Aging buildings of varying colors and heights line San Bruno’s main road.
But the lack of matching decor could be the beginnings of a vibrant downtown bustling with patrons who use public transportation and visit new businesses — at least that’s the hope of city leaders who recently released a draft transit corridor plan.
A number of fixes have occurred in San Bruno’s downtown over the years but there is not a community-driven vision to guide changes. The city hired Moore Iacofano Goltsman, Inc. as consultants in the process of creating a plan and gathering information over the last nine months. Now hundreds of pages outline the detailed vision that includes embracing the eclectic architecture of San Mateo Avenue, creating large mixed-use building to drive traffic into the area and creating a cultural home to the many ethnic groups that call San Bruno home.
Laura Baughman, executive director of the San Bruno Chamber of Commerce, described the plan as exciting.

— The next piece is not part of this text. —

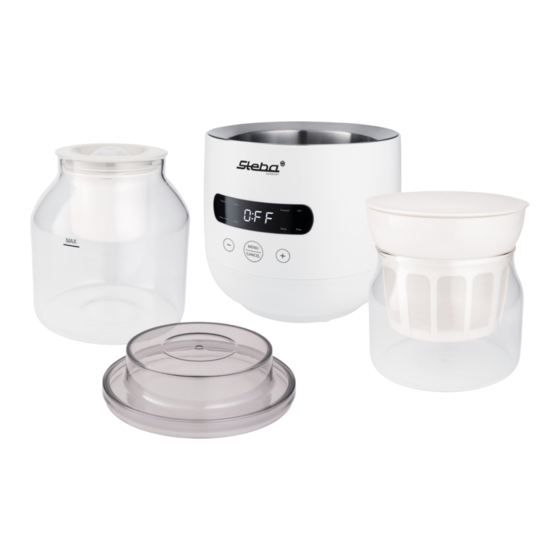 Steba JM 4 FERMENT Instructions For Use Manual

A focus of the plan is emphasizing the variety of architecture, color and design downtown, a decision applauded by Baughman, who serves on the steering committee. In recent years, the city offered financial help for facade improvements which resulted in the restoration and maintenance of older architecture on San Mateo Avenue, which Baughman said already added to the area.
The long-term vision of the transit corridor includes downtown San Bruno (San Mateo Avenue), Huntington Avenue, portions of El Camino Real and San Bruno Avenue.
Broken into eight chapters, the draft plan sets a vision that recognizes different neighborhoods within the corridor area, like the differences between El Camino Real and downtown San Mateo Avenue, said Community Development Director Aaron Aknin.
Increased heights will help the city bring in the mixed-use programs it seeks. San Bruno currently has an overall height limit for buildings of 50 feet or three stories, whichever is more restrictive. Plans over that height limit, like The Crossing project on El Camino Real just north of Interstate 380, must get voter approval. Within the plan are ideas to raise height limits in downtown to four stories or 60 feet, up to five stories on El Camino Real and San Bruno Avenue, and up to seven stories at the old San Bruno Lumber site near the Caltrain station. Those height increases require setbacks so buildings don’t appear to tower over the area, Aknin said.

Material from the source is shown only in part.